And, there is good potential that we may get peace until next September.


----------



## coyoteslayer (Sep 10, 2007)

I bought 6 weeks of peace and quiet, regardless of the outcome of the game.

I


> did it for a few reasons:
> 
> 1. The forum gets 6 weeks of peace.
> 
> ...


But like I said, I get to pick any avatar of my choosing. I will stir it up before the game though. I would hate to add to your pain after the game, but you might become hosptalized after I give you the avatar that you must wear for 6 weeks.


----------



## jahan (Sep 7, 2007)

Dodger said:


> jahan said:
> 
> 
> > Dude Dodger, I can't believe you let the Troll lure you in. And Yote, you don't have enough faith in Utah to go with the spread, you are the one that is chicken **** Wow I heard you had no nuts, but I didn't know it was this bad. Nothing worse than a neutered Yote. LOL
> ...


Six weeks isn't long enough. :mrgreen: :lol:


----------



## Dodger (Oct 20, 2009)

coyoteslayer said:


> But like I said, I get to pick any avatar of my choosing. I will stir it up before the game though. I would hate to add to your pain after the game, but you might become hosptalized after I give you the avatar that you must wear for 6 weeks.


Correction. Look at Term 1:

1. Losing team supporter has a *U* or a *Y* avatar until the end of either the BYU or Utah bowl game (depending on who wins). If BYU doesn't go to a bowl, the avatar stays until Utah's bowl game.

You don't get anything you want, you get to pick out a nice U, if Utah wins. You can even make it a red one. 8)


----------



## Dodger (Oct 20, 2009)

jahan said:


> Six weeks isn't long enough. :mrgreen: :lol:


Think of it this way, if you stir the pot enough, you might be able to buy peace until September. :mrgreen:


----------



## coyoteslayer (Sep 10, 2007)

Dodger, I can draw a U on the avatar that I pick for you. I compromised a lot here and like I said I get to pick your avatar.


----------



## Dodger (Oct 20, 2009)

coyoteslayer said:


> Dodger, I can draw a U on the avatar that I pick for you. I compromised a lot here and like I said I get to pick your avatar.


Are you trying to change the terms?


----------



## jahan (Sep 7, 2007)

coyoteslayer said:


> Dodger, I can draw a U on the avatar that I pick for you. I compromised a lot here and like I said I get to pick your avatar.

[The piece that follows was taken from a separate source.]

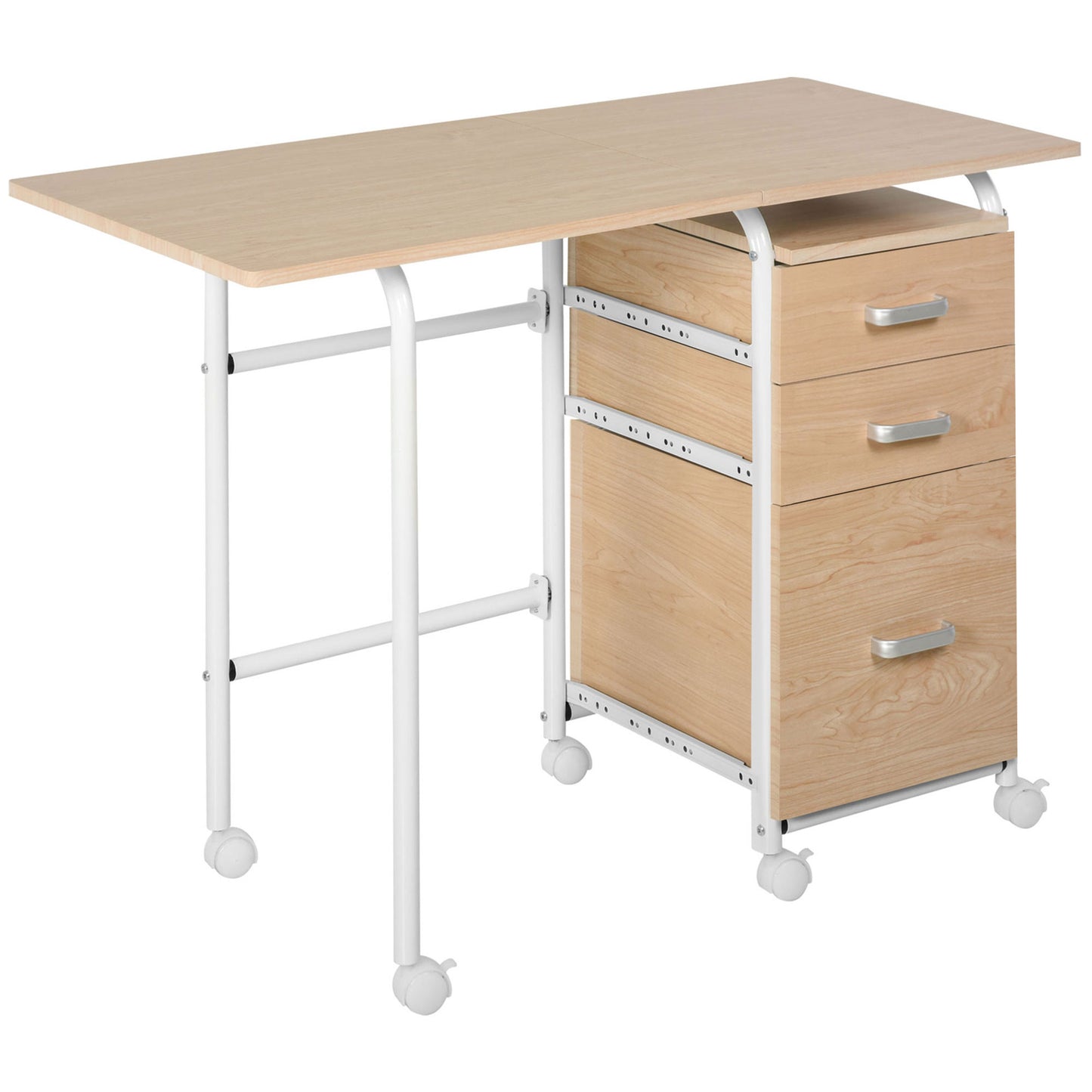 Foldable Computer Desk with Drawers, Executive Student Table with Storage Shelf, 6 Wheels for Bedroom Home Office Workst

Unfortunately your poor reading comprehension has screwed you again. :mrgreen: :lol: He clearly stated it was an "U" or "Y" avatar and you agreed to that. o-||


----------



## jahan (Sep 7, 2007)

Dodger said:


> coyoteslayer said:
> 
> 
> > Dodger, I can draw a U on the avatar that I pick for you. I compromised a lot here and like I said I get to pick your avatar.
> ...


You will be lucky if he sticks to any of the terms and in the past he never lived up to his end of the deals.


----------



## Nor-tah (Dec 16, 2007)

coyoteslayer said:


> but you might become hosptalized after I give you the avatar that you must wear for 6 weeks.


So you guys will be in the same boat then?? :lol:

Dude, THANK YOU DODGER!!!! Six weeks of silence will be amazing....


----------



## coyoteslayer (Sep 10, 2007)

> Unfortunately your poor reading comprehension has screwed you again. He clearly stated it was an "U" or "Y" avatar and you agreed to that.


Your reading skills aren't as good as your woolybully skills. bababa.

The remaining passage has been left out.